Unfortunately now out-of-print as Second Layer seems to have ceased activities, we did dislodge a handful of copies of this 2009 release from Ramleh that came about just as the group was in a state of re-organization after nearly a decade since thweir last album. Instead of picking up where they left off with the monstrous psychedelic noise-rock / tectonic drone-rock that these guys were flattening everybody with in the 90s, Valedictions regressed all the way back to their early 80s activities, emitting a destructive stream of longform power electronics and extreme noise across this six-part saga.
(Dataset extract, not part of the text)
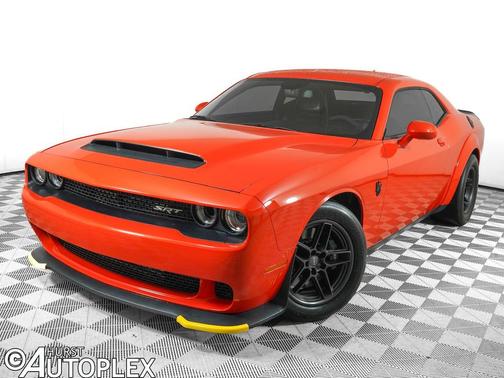 Go Mango 2023 Dodge Challenger SRT Demon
Valediction is presented in six parts, each one a variation of Mundy and Di Franco's colossal maelstrom generated from synthesizers, electronic effects, and distorted vocals, with bass and guitar appearing infrequently. The vast majority of this is a thunderous blast of psychedelic power electronics, raging multi-tracked vocals that shout and mumble and roar amidst a cacophony of beyond-blown-out distortion, rumbling bass frequencies, searing high-end synth chaos, and what sounds like utterly berserk guitar shredding (but which is primarily created using synth). It's fuckin' extreme, from the trippy cosmic storm and wall-noise power of "I" and the mangled, effects-splattered intensity of "II" to the subsequent skull-blowing blasts of lysergic electronics, violent sweeping frequency shifts, gargantuan distorted drones, torturous amplifier feedback modulations, and commanding shouted voices that dominate the middle of the disc. It feels like a particularly violent throwback from the two artists, updating their earlier sonic assault with a thicker production and inpenetrably grim atmopshere. But then deeper into it you begin to get bulldozed by Di Franco's monstrously distorted ur-riff on the bass, simple lu8mbering two-note dirge crawling beneath the avalanche waves of skree and rumble and hiss and howl, like the titanic gonked-out psychsludge mass of "III", goddamn crushing shit as it builds in size and intensity..."drone-metal" levels of heaviness here and elsewhere on the disc, massive metallic crush buffeteed by plumes of nauseating high-end feedback and manipulated sinewaves and histrionic proclamations from Mundy.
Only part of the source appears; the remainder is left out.